##### RECORDS
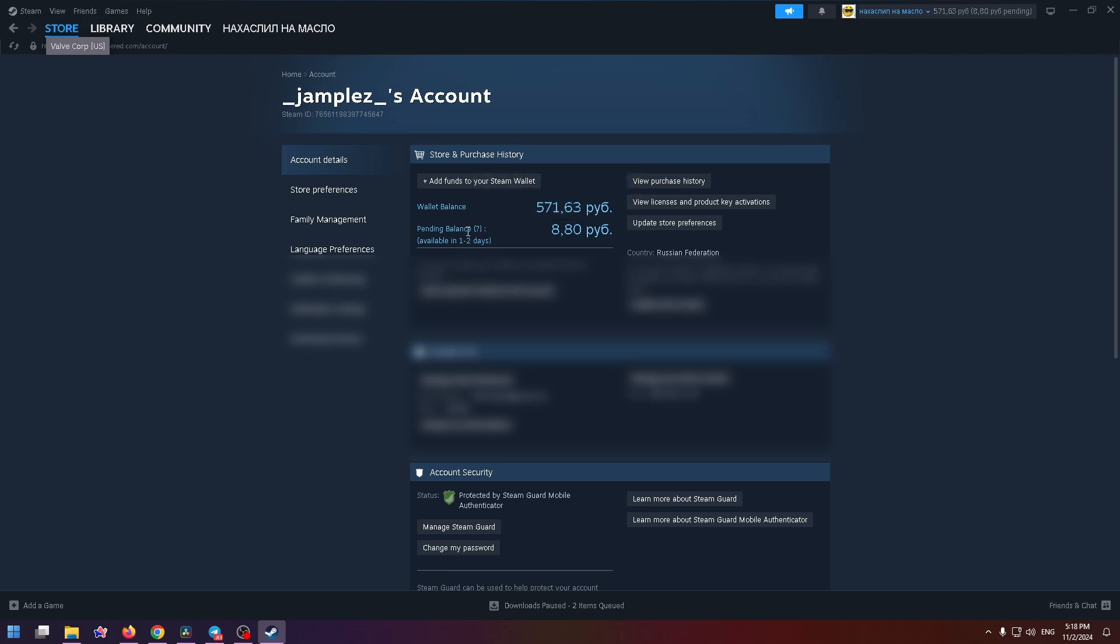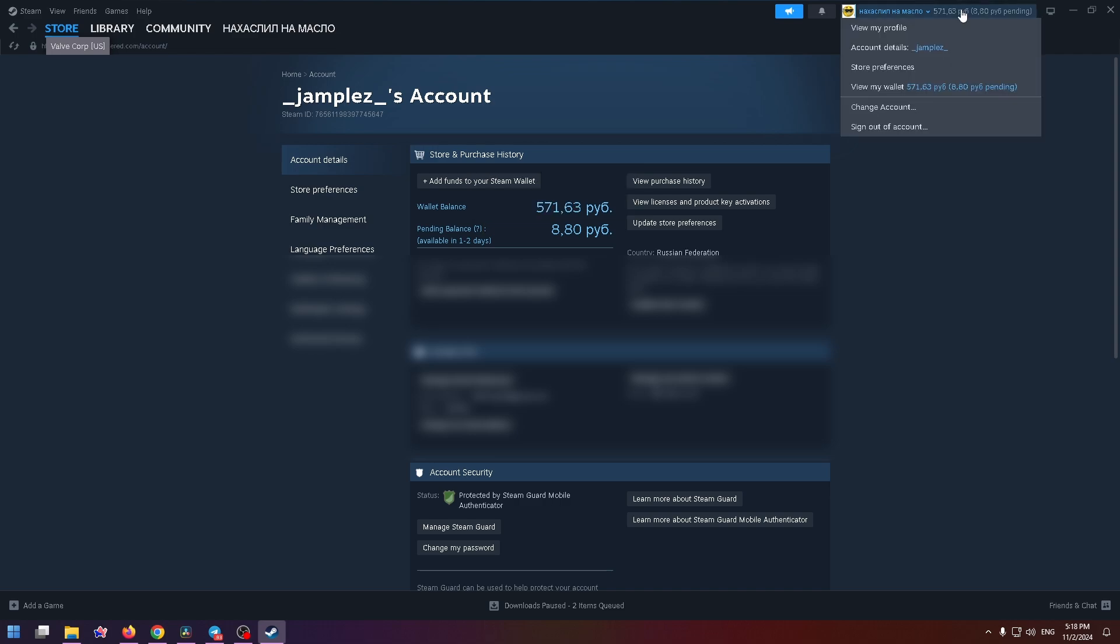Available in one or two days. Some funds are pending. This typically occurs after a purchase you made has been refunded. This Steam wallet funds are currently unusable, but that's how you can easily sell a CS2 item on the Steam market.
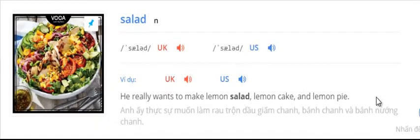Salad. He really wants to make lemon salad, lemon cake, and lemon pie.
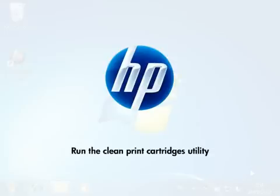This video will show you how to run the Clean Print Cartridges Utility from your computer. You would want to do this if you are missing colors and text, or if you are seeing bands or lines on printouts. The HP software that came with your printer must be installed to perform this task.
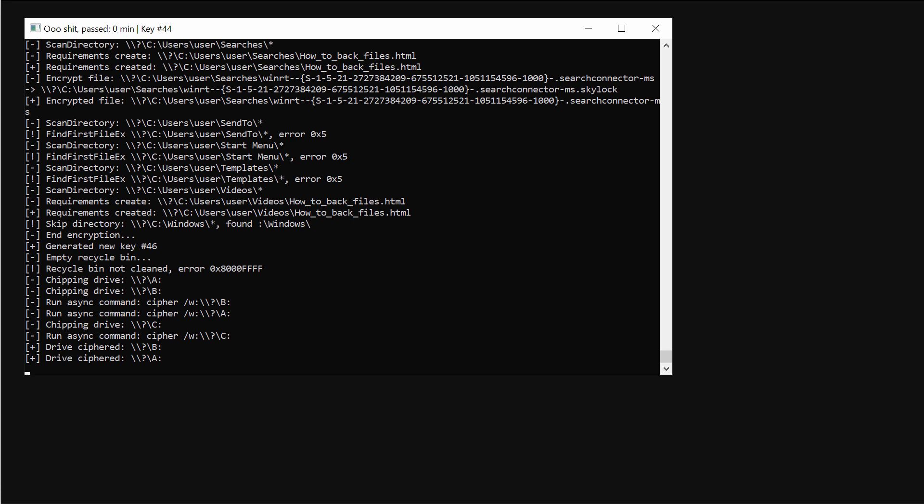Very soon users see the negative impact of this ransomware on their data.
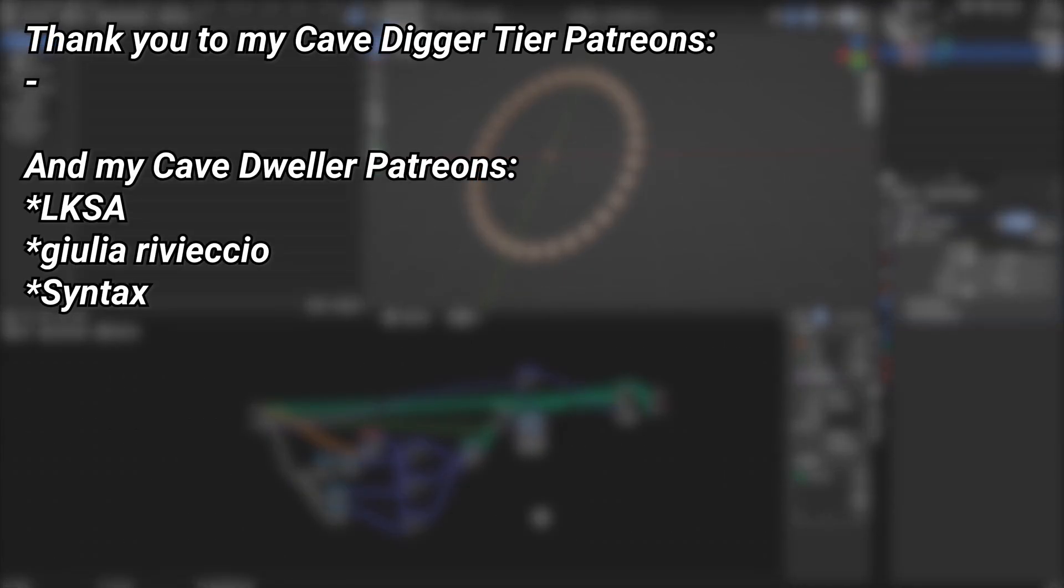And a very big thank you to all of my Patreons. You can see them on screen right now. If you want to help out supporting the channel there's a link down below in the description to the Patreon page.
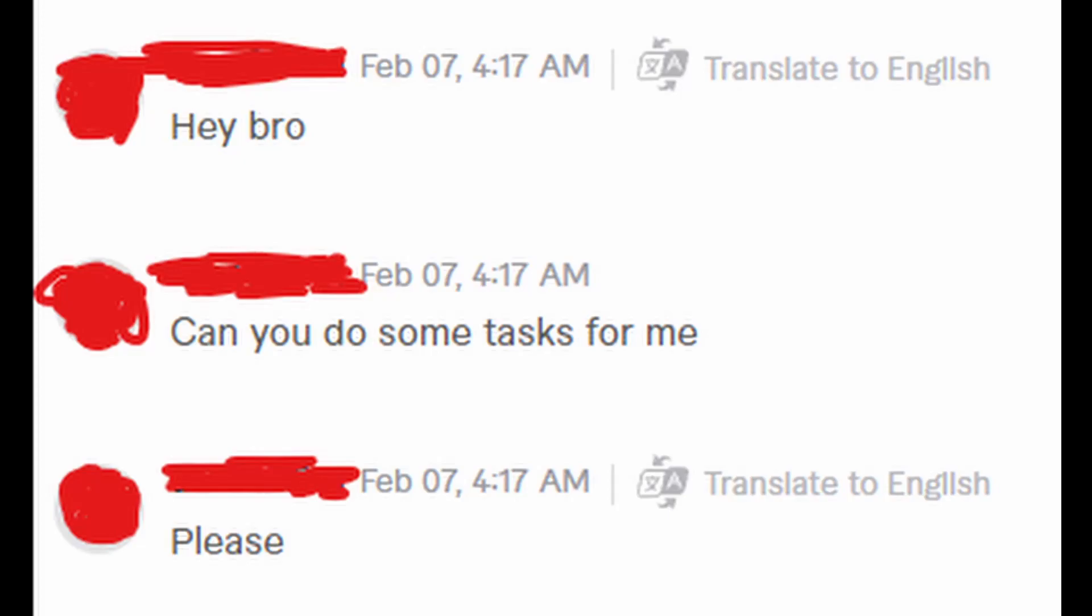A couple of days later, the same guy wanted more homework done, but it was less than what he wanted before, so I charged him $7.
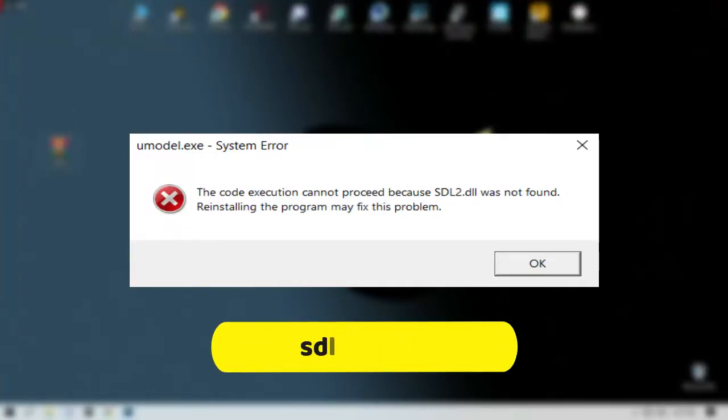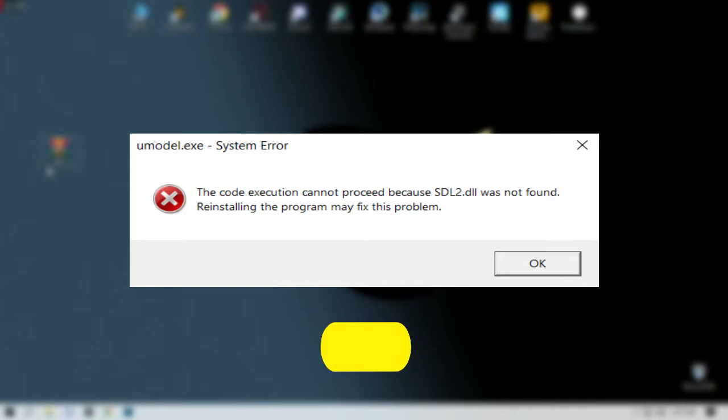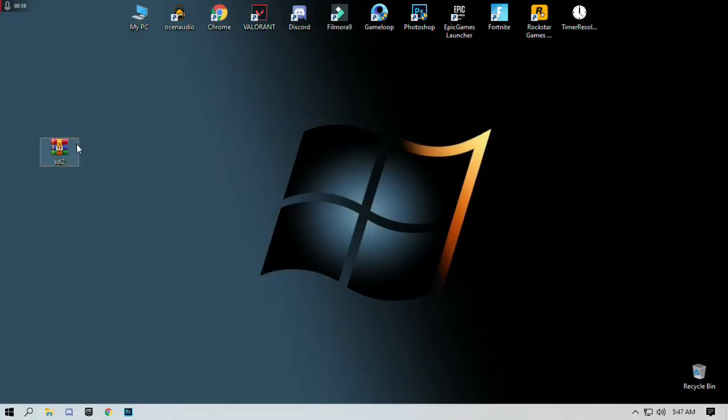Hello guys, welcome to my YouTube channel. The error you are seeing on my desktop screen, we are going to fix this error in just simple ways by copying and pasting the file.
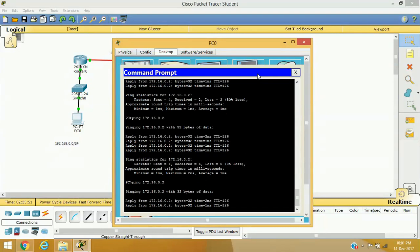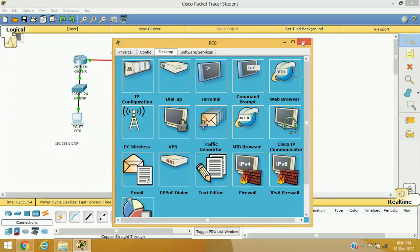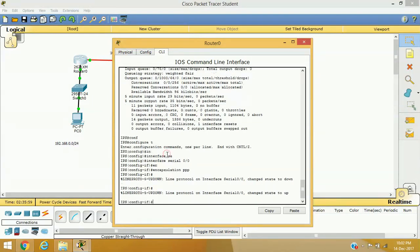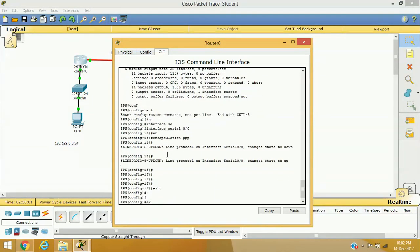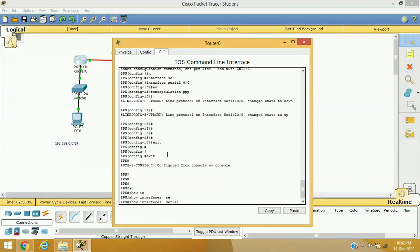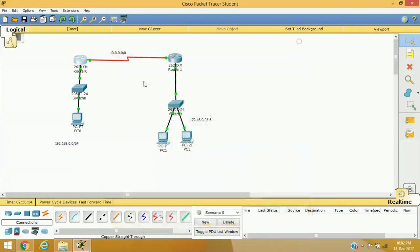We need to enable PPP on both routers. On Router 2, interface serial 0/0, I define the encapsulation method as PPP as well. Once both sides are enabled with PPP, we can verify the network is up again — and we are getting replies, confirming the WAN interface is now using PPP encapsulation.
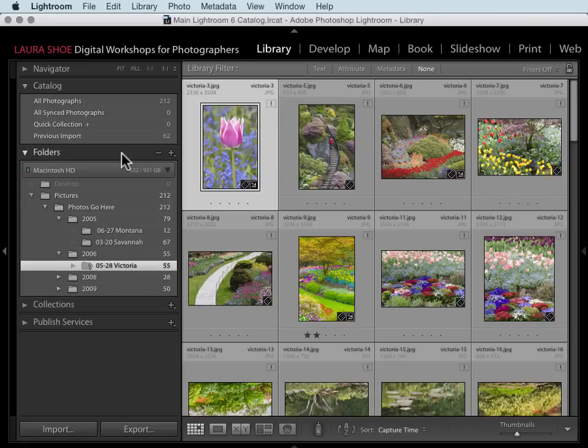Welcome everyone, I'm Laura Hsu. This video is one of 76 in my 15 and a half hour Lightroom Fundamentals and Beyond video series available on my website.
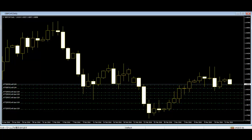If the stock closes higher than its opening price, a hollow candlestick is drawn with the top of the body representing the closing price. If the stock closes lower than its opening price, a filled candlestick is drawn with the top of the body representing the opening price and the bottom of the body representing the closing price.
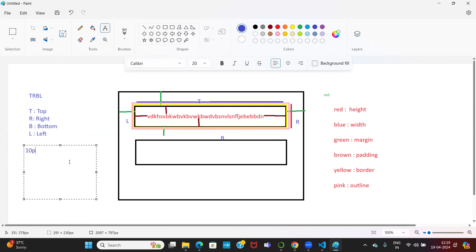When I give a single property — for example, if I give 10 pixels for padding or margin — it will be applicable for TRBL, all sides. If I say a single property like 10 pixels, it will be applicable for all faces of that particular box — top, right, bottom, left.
##########
What do the entries above read from the line containing "Salad. He really" through the line containing "A couple of"? Output those lines exactly, both ends included, with the pictures left out.

Salad. He really wants to make lemon salad, lemon cake, and lemon pie.
This video will show you how to run the Clean Print Cartridges Utility from your computer. You would want to do this if you are missing colors and text, or if you are seeing bands or lines on printouts. The HP software that came with your printer must be installed to perform this task.
Very soon users see the negative impact of this ransomware on their data.
And a very big thank you to all of my Patreons. You can see them on screen right now. If you want to help out supporting the channel there's a link down below in the description to the Patreon page.
A couple of days later, the same guy wanted more homework done, but it was less than what he wanted before, so I charged him $7.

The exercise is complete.